# Bruckner Recommendations



## weber4760

Hey all,

I have just recently "discovered" the amazing music of Anton Bruckner, and after much searching for a good 9th, ended up choosing the Barenboim, BSO version on Teldec...and have been very happy with it. Now, am looking for a good 8th...and due to the high quality of the Barenboim 9th, am leaning toward the 8th in that same series...any other recommendations...sound clips on Amazon only go so far! 

Thanks!

Scott


----------



## Celloman

I've heard the 8th, but I don't remember who performed it. Oh wait...I think it was Furtwangler. An excellent recording.


----------



## lpalokan

I've got yet to discover the 8th and 9th, but whenever you proceed further to Symphony no. 7 by Kurt Masur and New York Philharmonic is a decent choice.

To some extent his music reminds me of music by papa Brahms. May it be that both composers are still too unknown for me?


----------



## BassFromOboe

The Amsterdam Concertgebouw Orchestra conducted by Bernard Haitink is not a particularly recent version, but it is digital and still highly regarded. It is certainly a favourite of mine.


----------



## linz

I'd stick with Barenboim.


----------



## LouDem

*Bruckner 8th*

I've got a more obscure conductor on RCA Red Seal. I do think that it's worth the detour. It's a live recording (2001) with the Berliner Philharmoniker under Gunter Wand.

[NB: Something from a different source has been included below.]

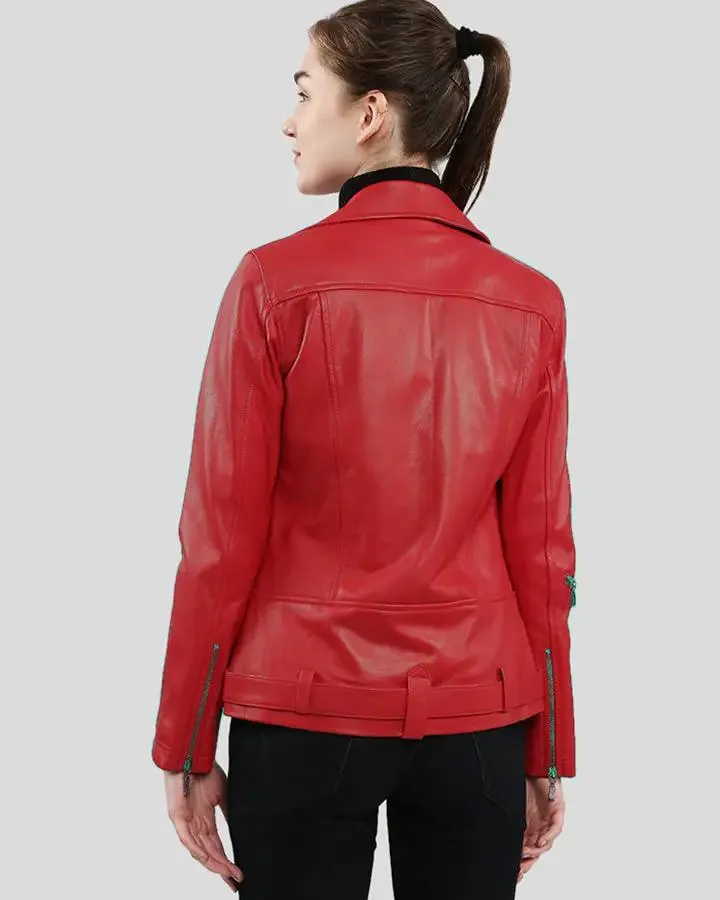 Diana Red Biker Leather Jacket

Wand is very into Bruckner and this may be the definitive recording.

You can't go wrong either with Wand or with the Berliner Philharmonic.

Out of 10, this recording gets a "10". no lest.


----------



## CTBass

I have Haitink doing all ten of the symphonies. I really enjoy them, Bruckner is up there on my favorite composers. Symphony No. 0, 1, 4,8,9 are my top 5 favorite, but the other 5 are great also.


----------



## Celloman

I've also listened to a recording of the SLSO and the late Hans Vonk doing Bruckner's 7th. It's a very emotional performance, with good sense of phrasing and dynamics. A long symphony, no doubt, but engaging all the way.


----------



## Guest

The best Bruckner 9th that I have heard is 
Columbia S O under Bruno Walter, it is electric.

For the 8th I would go with BPO Karajan, and as a bonus you get Wagners “Siegfried Idyll”

They are both ADD CDs but sound great


----------



## Shane

Any opinions on Bohm's Bruckner?
I have a Best Buy gift card to use up, and they don't have much to choose from. But I did see Bohm conducting Bruckner's 7 I beleive.


----------



## linz

Bohm was generally good at Bruckner, though perhaps Karajan and Jochum were more prolific in preforming him. What is the recording label?


----------



## Shane

My mistake, it is acutally the Bruckner 4 in the Decca Legends series. I wound up buying it yesterday with that gift certificate that I needed to use.
I listened to it once last night. The first impression it left on me was very good. But as with all of Bruckner's "mature" symphonies it takes a few listens to fully digest.


----------



## johnnyx

Celibidache is by far my favorite Bruckner conductor!


----------



## StlukesguildOhio

The best Bruckner 8th I have heard is the final Karajan version from the late 80s with the Vienna Philharmonic. The best 9th, I would agree, is Bruno Walter with the Columbia Symphony Orchestra.


----------